Als die zwölfjährige Daniela die "No Name Night" in Aufkirchen besuchen wollte, genügte es, dass der Vater eines Klassenkameraden sie und ihre Freunde auf die Party begleitete. Dass der kurz darauf nach Hause ging und die Teenager bis 1 Uhr auf dem Hallenfest feiern ließ, hatte keinerlei Konsequenzen. Außer, dass sich Daniela an der Bar erfolgreich ein Bier, ihr Kumpel sogar Schnaps bestellte. Die "No Name Night", die bis 2010 vom Aufkirchner Burschenverein veranstaltet wurde, gibt es nicht mehr. Strenge Auflagen und Differenzen mit dem Vermieter bedeuteten das Ende der Kultparty.

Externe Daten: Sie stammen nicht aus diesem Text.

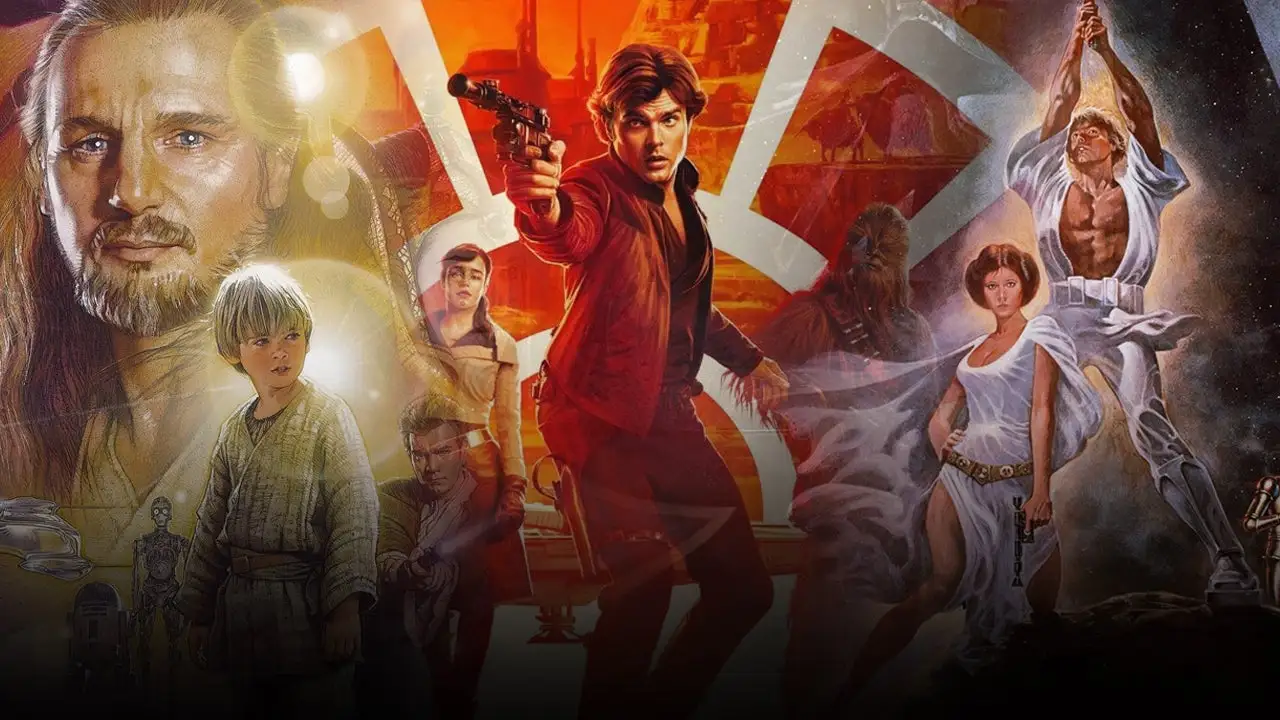 新春首战,京城辽军激,战北汽,开云体育,开云体育官网,开云体育app,开云体育平台,KAIYUN,SPORTS,kaiyun登录入口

Für Daniela, die inzwischen 25 Jahre alt ist, spielt das keine Rolle. Schon seit Jahren geht sie zum Feiern lieber in die Clubs nach München als auf die Stadel- oder Hallenfeste im Landkreis. Regelmäßig hat sie diese noch besucht, bevor sie 16 Jahre alt war, also vor dem Alter, ab dem sich Teenager ohne eine Aufsichtsperson bis Mitternacht auf solchen Feiern aufhalten dürfen. "Bei manchen hat man einen Zettel von den Eltern gebraucht, aber oft ist man über Bekannte oder Stempelabdrücke reingekommen", erzählt Daniela.

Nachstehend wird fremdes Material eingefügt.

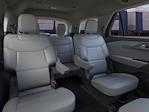 New 2026 Ford Explorer ACTIV thumbnail 9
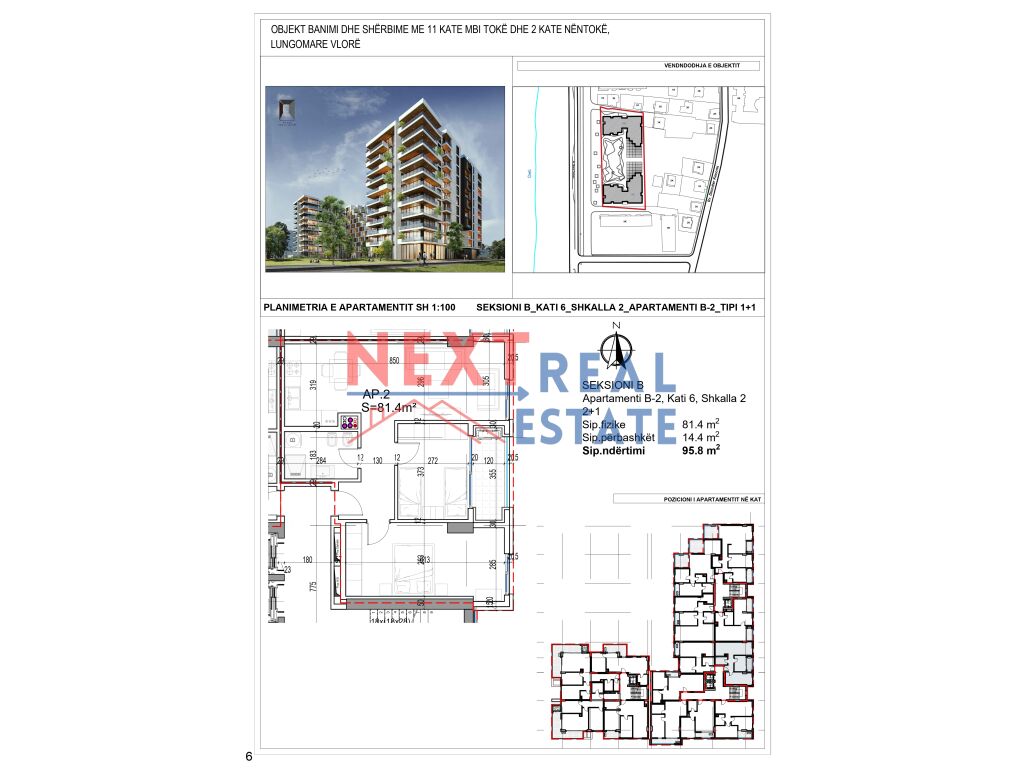 property-4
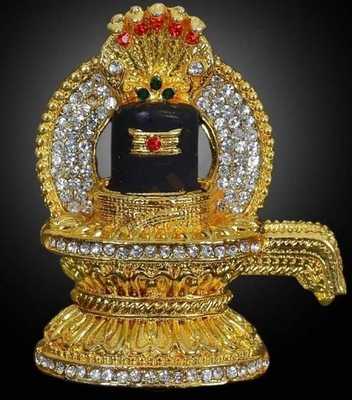 Kovai Pazhamudir Nilayam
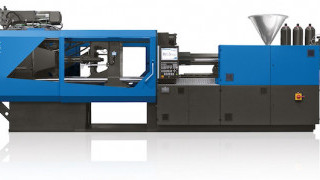 Sumitomo Utilizes Intelligent Motion Control in New Automated Packing Machine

So einfach ist das heute allerdings nicht mehr. Mit der Vereinbarung gegen Alkoholmissbrauch auf Festveranstaltungen hat das Landratsamt 2012 einen Auflagenkatalog verabschiedet, den die Bürgermeister aller Gemeinden - nicht immer ohne Protest - unterschrieben haben. Durch Maßnahmen wie strikte Einlasskontrollen oder eine Festsetzung des Veranstaltungsendes auf 3 Uhr soll Minderjährigen der Zugang zu Alkohol erschwert werden. Für Anton Hörger, erster Vorstand der Landjugend Schöngeising, ist der Aufwand, der mit der Einhaltung der Vorgaben verbunden ist, ein Riesenproblem. Sein Ärger über die Auflagen ist so groß, dass er sich das Dokument des Landratsamts sogar auf sein Smartphone geladen hat.

Alling brennt

Alling brennt: Noch etwas verhalten scheint die Stimmung beim Stadlfest "Alling brennt" im Juni letzten Jahres.

(Foto: Günther Reger)

Mit seinen Kollegen kümmert sich Hörger, wie die meisten Burschen- und Landjugendvereine, um das Osterfeuer und das Aufstellen des Maibaums. Zu Letzterem werden jährlich Feiern in einem von zwei großen Stadel in der Gemeinde abgehalten. Bis Januar gab es zudem Partys im Jugendraum O.K., doch die finden bloß noch als geschlossene Events statt, da es dort kaum möglich ist, die neuen Verordnungen einzuhalten. "Ich verstehe, dass das Landratsamt etwas tun will, aber da muss man gezielter vorgehen und darf nicht so verallgemeinern. Wir hatten bereits solche Einschränkungen, dass ich gesagt habe: Ich mache es nicht mehr", sagt Hörger und verweist auch auf den seitenlangen Genehmigungsantrag, den es auszufüllen gilt.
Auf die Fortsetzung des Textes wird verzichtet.